Margo se hallaba en medio de un solar cubierto de escombros chamuscados, flanqueado por dos antiguos edificios de la compañía ferroviaria. El almacén que antes ocupaba el solar había ardido por completo hacía cuatro meses. La estructura había quedado reducida a un ennegrecido armazón de vigas y algunos muros bajos de hormigón. El suelo de cemento permanecía oculto bajo medio metro de cascotes y tablas quemadas. En un rincón se veían los restos de varias mesas alargadas de metal, y sobre ellas aparatos aplastados y cristal fundido. Miró alrededor, a través de las sombras vespertinas que se entretejían sobre los escombros. Había varios objetos voluminosos que en otro tiempo habían sido máquinas con cubiertas metálicas; las cubiertas se habían fundido, dejando a la vista los mecanismos internos, marañas de cables y circuitos integrados. El olor acre del plástico y el alquitrán quemados seguía obstinadamente adherido a todo.
D'Agosta apareció junto a ella y preguntó:
—¿Qué opina?
Margo movió la cabeza en un gesto de duda.
—¿Está seguro de que ésta fue la última dirección conocida de Greg?
—Me lo ha confirmado la compañía de mudanzas. El incendio del almacén y su muerte se produjeron más o menos en las mismas fechas, así que probablemente no tuvo tiempo de mudarse a otro sitio. Pero usó un alias al solicitar el suministro eléctrico y la línea telefónica, así que no estamos seguros.
—¿Un alias? —Margo seguía contemplando los restos del almacén—. Me pregunto si murió antes o después del incendio.
—Yo me pregunto eso y otras muchas cosas —dijo D'Agosta.
—Parece un laboratorio.
D'Agosta asintió con la cabeza.
—Eso hasta yo lo había supuesto. Ese tal Kawakita era científico. Como usted.
—No exactamente. Greg se dedicaba sobre todo a la genética y la biología evolutiva. Mi especialidad es la farmacología antropológica.
—Igual da. —D'Agosta se reacomodó la cintura del pantalón—. Mi duda es qué clase de laboratorio era éste.
—Así, sin más, no sabría decirle. Necesitaría averiguar qué eran esas máquinas del rincón. Y a partir del cristal fundido que hay sobre esas mesas tendría que formarme una idea de los accesorios que utilizaba y cómo estaban dispuestos.
—¿Y bien? —dijo D'Agosta, mirándola.
—Y bien ¿qué?
—¿Quiere ocuparse de ello?
Margo se volvió hacia él.
—¿Por qué yo? En el Departamento de Policía debe de haber especialistas…
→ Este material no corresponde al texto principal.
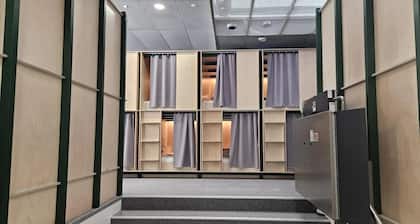Green Marmot Capsule Hotel Geneva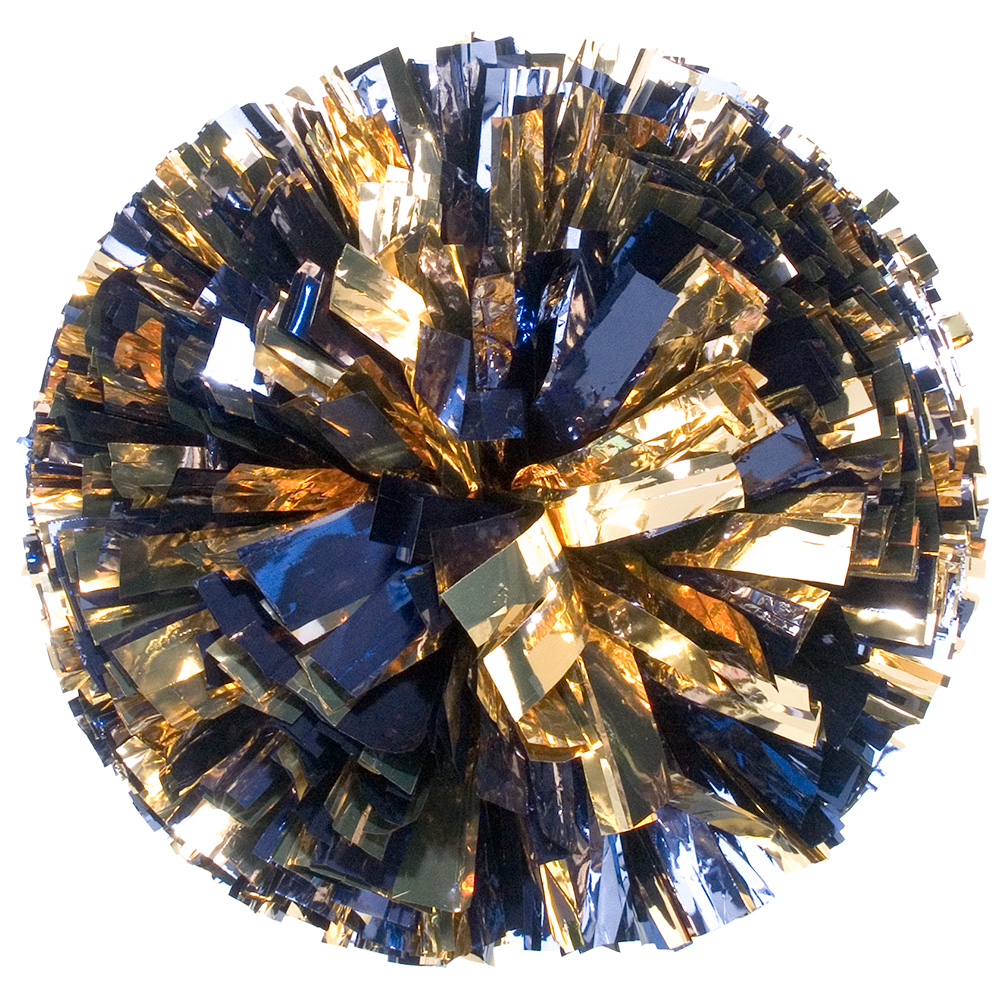Custom Metallic Show Pom - Mixed Colors 53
—No les interesa —la interrumpió D'Agosta—. En su lista de prioridades, esto está justo por debajo de las multas de aparcamiento.
Margo, sorprendida, arrugó el entrecejo.
—A los jefes les trae sin cuidado Kawakita y a qué pudiese dedicarse antes de su muerte. Consideran que fue una víctima fortuita más. Como el propio Brambell.
—¿Y usted no está de acuerdo? ¿Cree que estaba implicado en los asesinatos?
D'Agosta sacó un pañuelo del bolsillo y se enjugó la frente.
—Francamente, no lo sé. Pero intuyo que Kawakita estaba metido en algo, y me gustaría saber de qué se trataba. Usted lo conocía, ¿verdad?
—Sí —contestó Margo.
—Yo sólo lo vi una vez, en la fiesta de despedida que Frock organizó para Pendergast. ¿Cómo era?
Margo pensó por un momento.
—Muy inteligente. Un científico de primera.
—¿Y qué puede decirme de su personalidad?
—No era la persona más encantadora del museo —respondió Margo con cautela—. Era… en fin, un tanto inflexible, podríamos decir. Siempre tuve la impresión de que habría sido capaz de cualquier cosa por promocionarse profesionalmente. No se relacionaba apenas con el resto del personal y no parecía confiar en nadie que pudiese… —Se interrumpió.
—¿Sí?
—¿Es esto necesario? No me gusta hablar mal de alguien que no está presente para defenderse.
—Pues ésa suele ser la mejor ocasión. ¿Era la clase de hombre que podría involucrarse en actividades delictivas?
—No, en absoluto. Era uno de esos científicos que antepone la ciencia a los valores humanos, y yo no siempre aprobaba su sentido ético, pero no era un delincuente. —Titubeó—. Intentó ponerse en contacto conmigo hace un tiempo, quizá un mes antes de morir.
D'Agosta la miró con curiosidad.
—¿Sabe qué quería? No parece que él y usted fuesen precisamente amigos.
—Amigos íntimos no. Pero éramos colegas. Si él tenía algún problema… —Su rostro se ensombreció—. Quizá podría haberlo ayudado, y ni siquiera le devolví la llamada.
—Probablemente nunca lo sabrá. En todo caso, le agradecería que echase un vistazo por aquí, que intentase averiguar a qué se dedicaba.
Margo vaciló, y D'Agosta la miró con mayor atención.
—¿Quién sabe? —añadió con un tono más distendido—. Quizá le sirva para aplacar a alguno de esos demonios internos.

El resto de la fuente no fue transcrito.